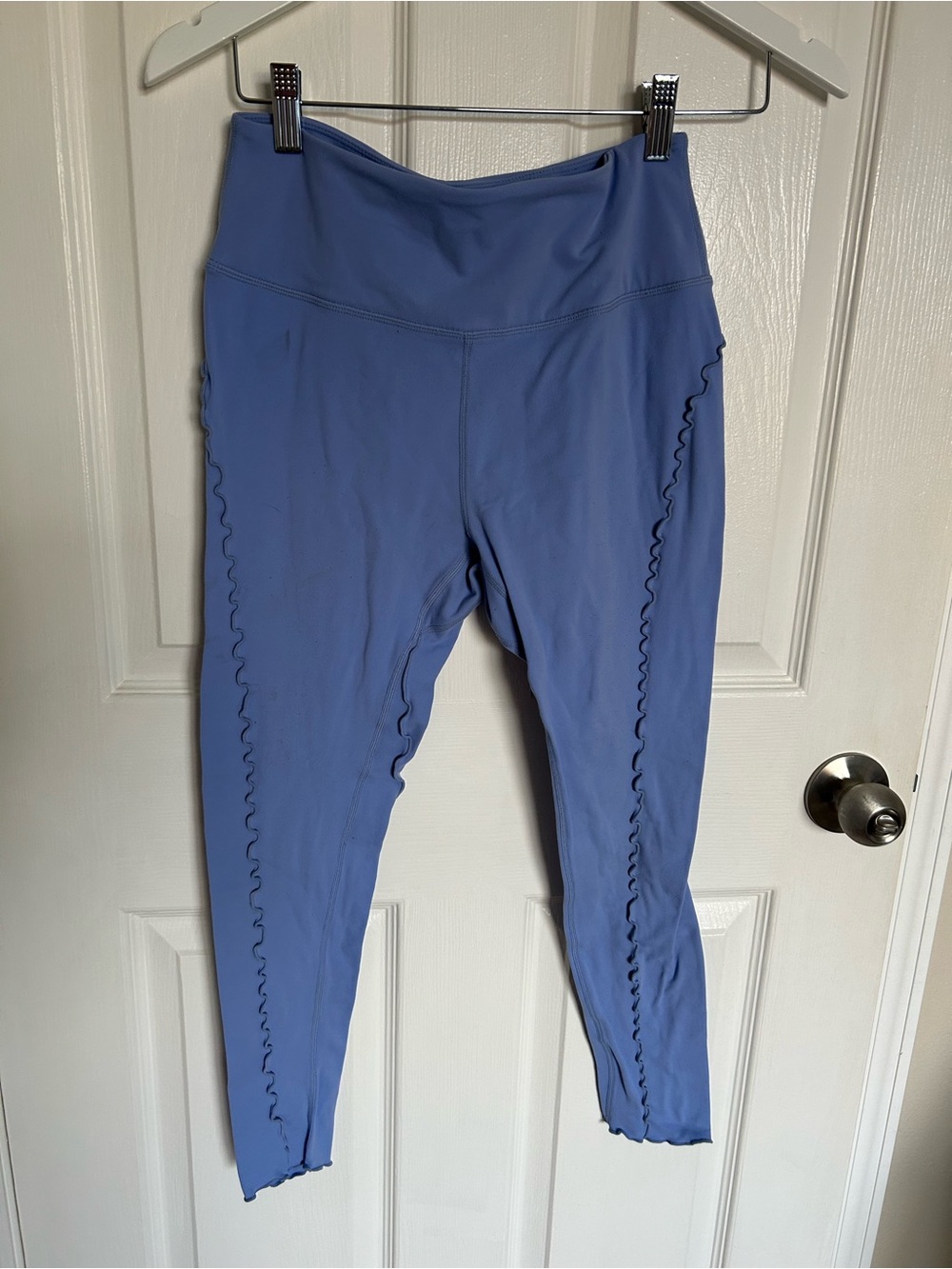 FP Movement by Free People Periwinkle High-Rise Ruffle-Trim Leggings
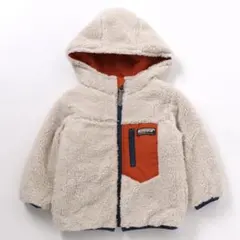 ブリーズ　中綿ボアリバーシブルブルゾン　オレンジ　　サイズ100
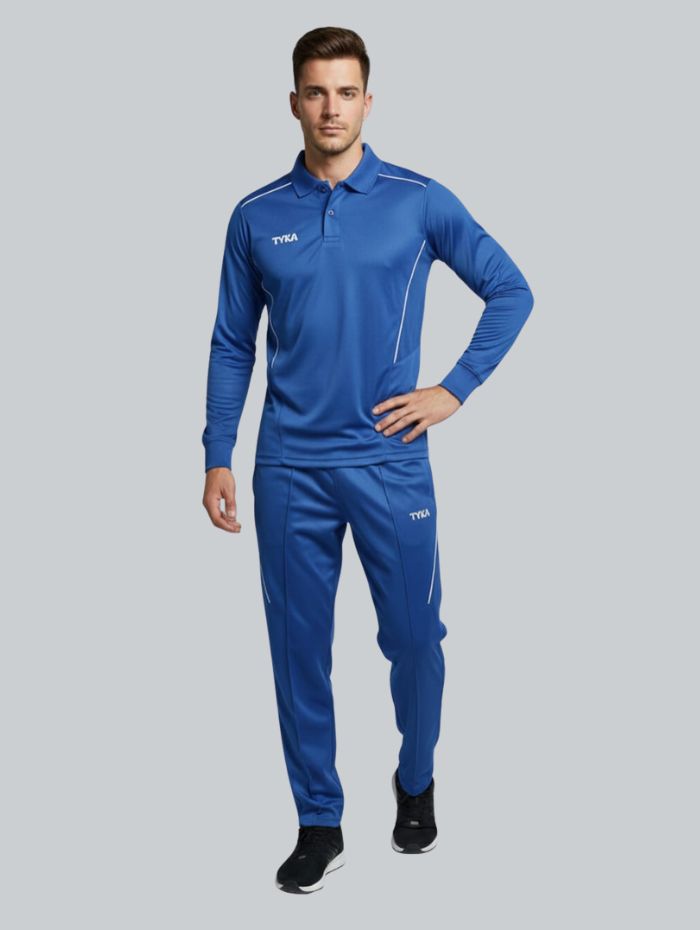 TYKA Prima Men’s Full Sleeve Cricket Shirt & Trouser Set – Lightweight Sportswear (Blue)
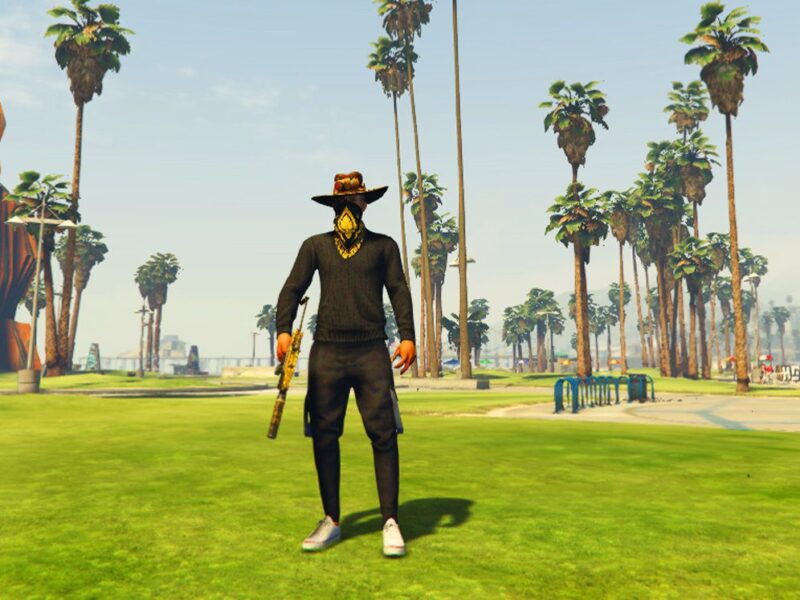 GTA 5 GTA 5 Mods Black T-Shirt Free Fire Addon Ped inspired by %tags% | G5MODS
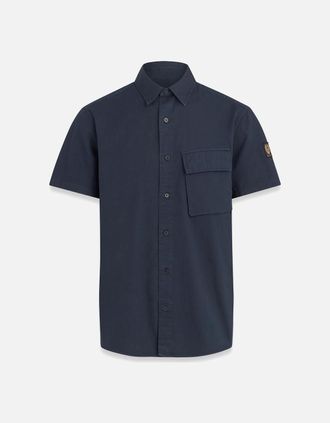 Belstaff Mens Belstaff Short Sleeve Scale Shirt Dark Ink - Navy - Size: 42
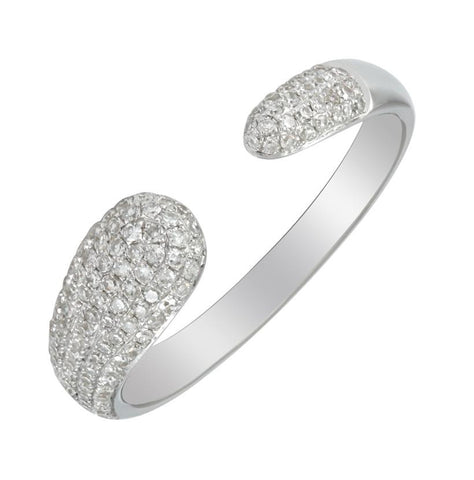 0.34 Ctw Diamond 14k White Gold Round Shape Womens Diamond Ring
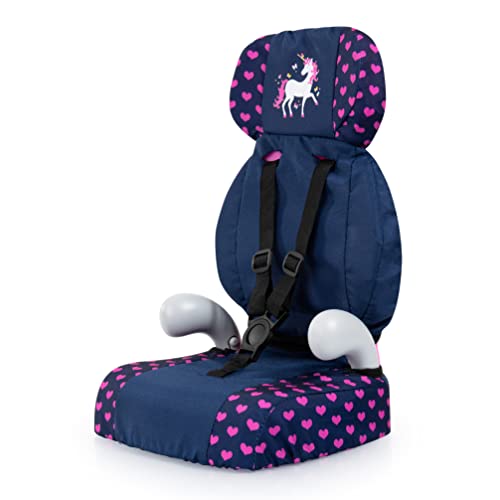 Bayer Design- Giocattolo, Seggiolino Auto, Accessori Per Bambole, Colore Blu Con Unicorno E Cuori, 67554Aa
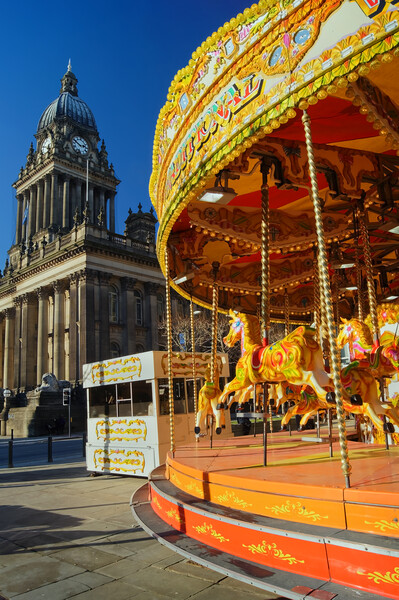 Leeds Town Hall & Carousel Picture Board by Darren Galpin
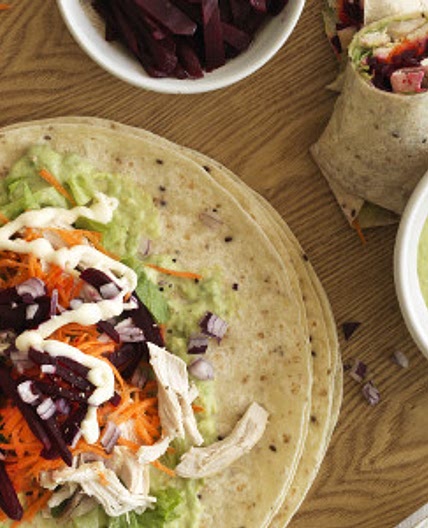 Kiwi Chicken and Avocado Mayo Wraps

######

* _Problem to solve_: Set the whole listing down again unchanged, apart from the pictures, which are omitted.

* _Task output_:
 FP Movement by Free People Periwinkle High-Rise Ruffle-Trim Leggings
 ブリーズ　中綿ボアリバーシブルブルゾン　オレンジ　　サイズ100
 TYKA Prima Men’s Full Sleeve Cricket Shirt & Trouser Set – Lightweight Sportswear (Blue)
 GTA 5 GTA 5 Mods Black T-Shirt Free Fire Addon Ped inspired by %tags% | G5MODS
 Belstaff Mens Belstaff Short Sleeve Scale Shirt Dark Ink - Navy - Size: 42
 0.34 Ctw Diamond 14k White Gold Round Shape Womens Diamond Ring
 Bayer Design- Giocattolo, Seggiolino Auto, Accessori Per Bambole, Colore Blu Con Unicorno E Cuori, 67554Aa
 Leeds Town Hall & Carousel Picture Board by Darren Galpin
 Kiwi Chicken and Avocado Mayo Wraps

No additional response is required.